**Captioned web images:**
⁂
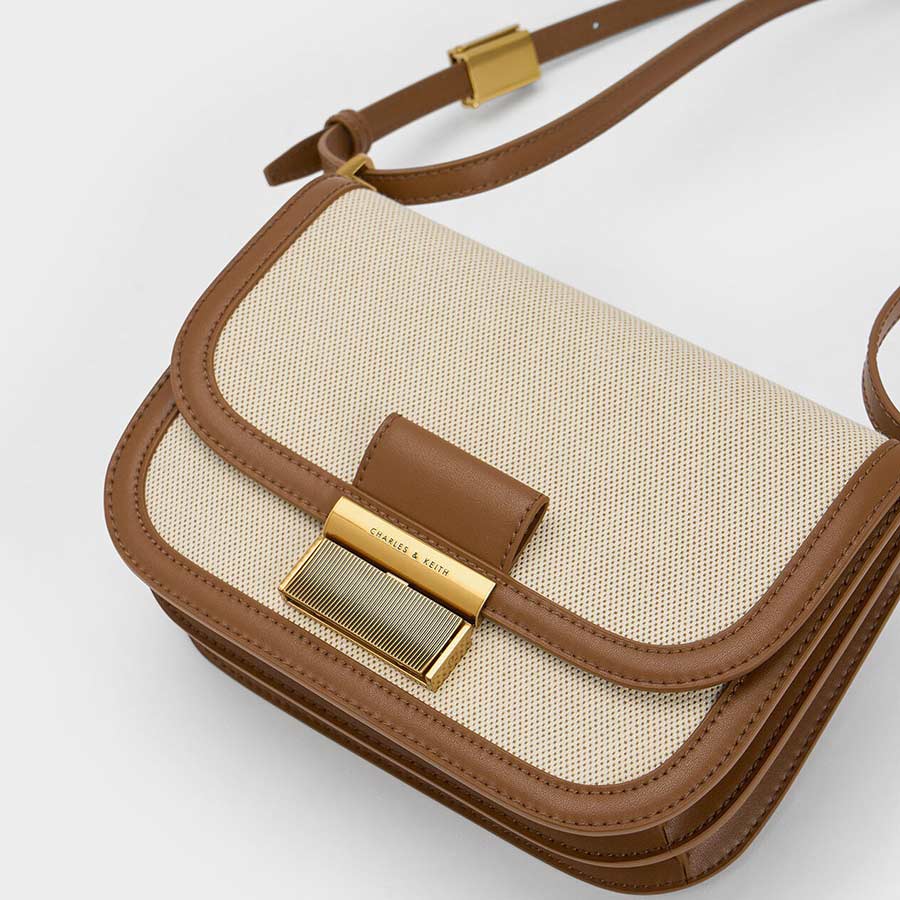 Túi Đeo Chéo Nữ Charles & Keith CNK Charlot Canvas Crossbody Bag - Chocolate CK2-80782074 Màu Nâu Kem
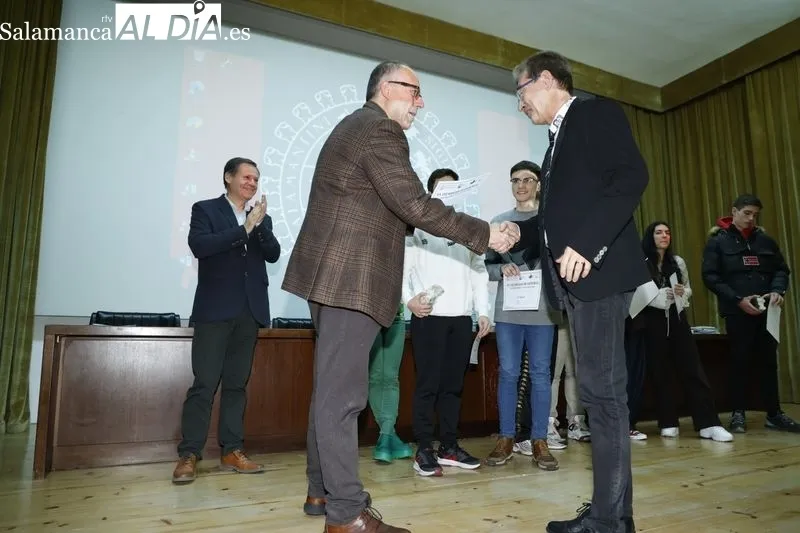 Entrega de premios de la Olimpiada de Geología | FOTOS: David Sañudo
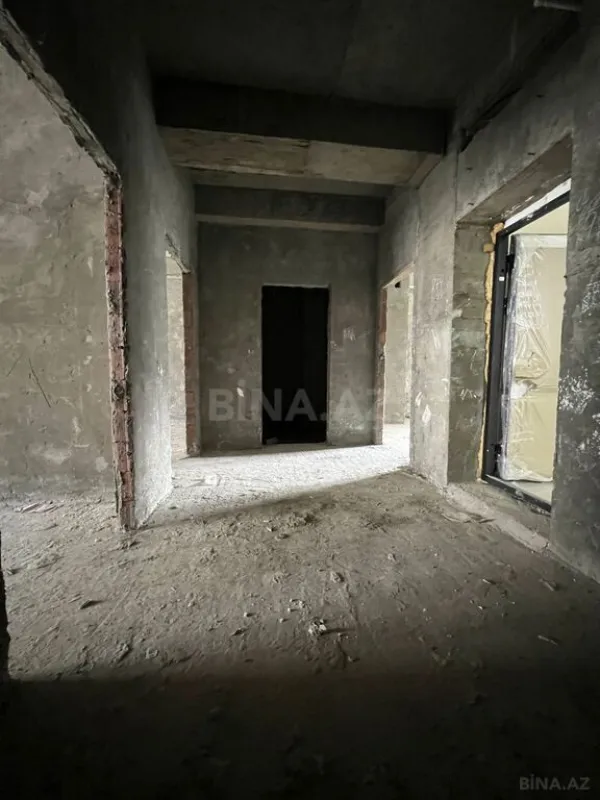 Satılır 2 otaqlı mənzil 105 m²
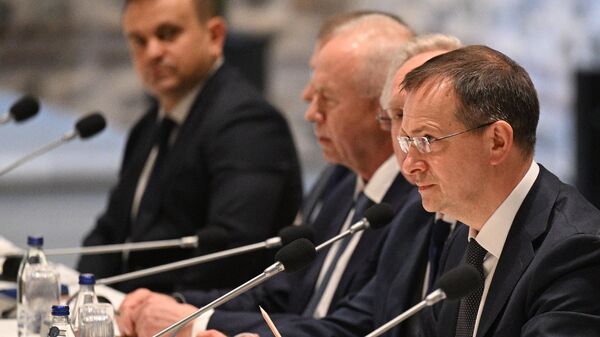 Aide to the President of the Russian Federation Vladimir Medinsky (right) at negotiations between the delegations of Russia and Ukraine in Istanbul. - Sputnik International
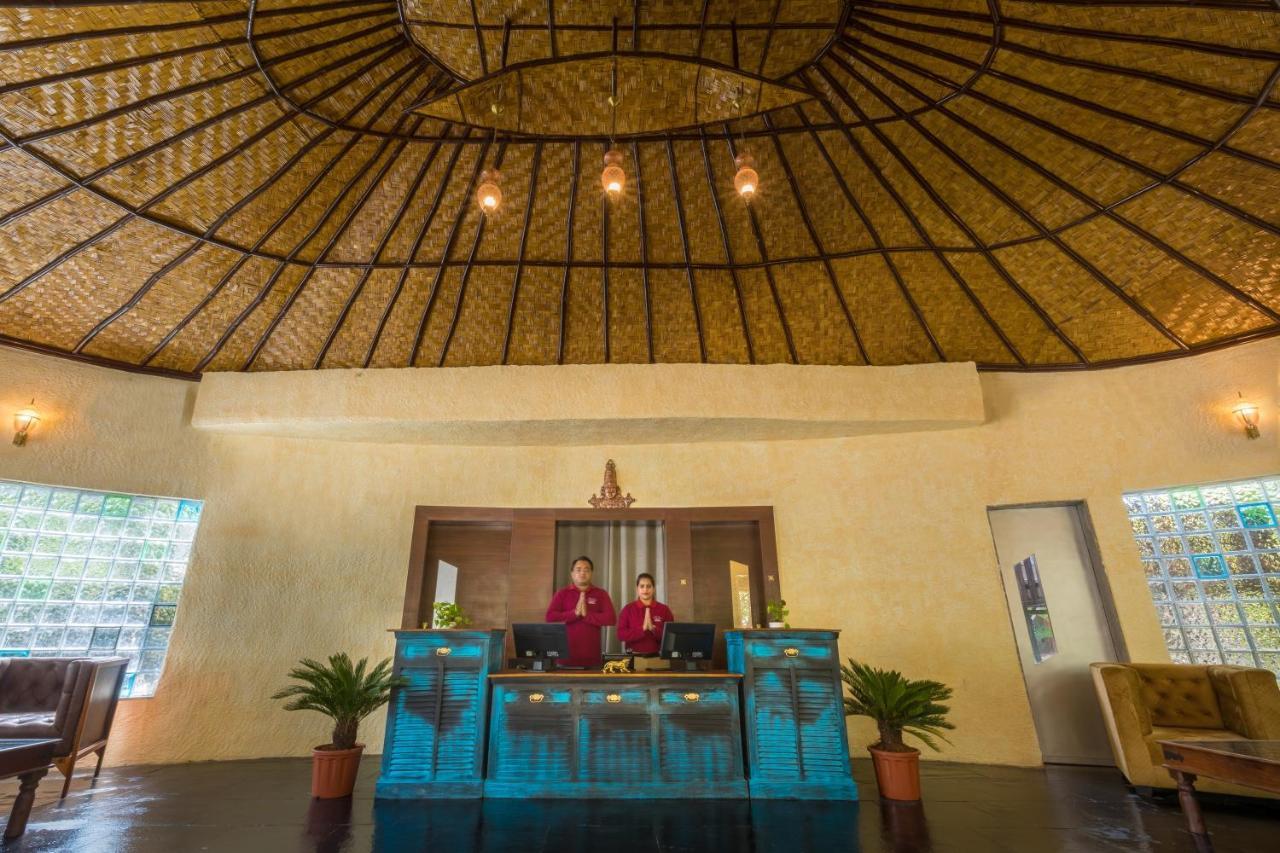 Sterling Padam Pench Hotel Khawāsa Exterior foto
⁂
**WORK INSTRUCTIONS:**
Return every entry above exactly. Pictures stay out.

**WRITTEN SOLUTION:**
 Túi Đeo Chéo Nữ Charles & Keith CNK Charlot Canvas Crossbody Bag - Chocolate CK2-80782074 Màu Nâu Kem
 Entrega de premios de la Olimpiada de Geología | FOTOS: David Sañudo
 Satılır 2 otaqlı mənzil 105 m²
 Aide to the President of the Russian Federation Vladimir Medinsky (right) at negotiations between the delegations of Russia and Ukraine in Istanbul. - Sputnik International
 Sterling Padam Pench Hotel Khawāsa Exterior foto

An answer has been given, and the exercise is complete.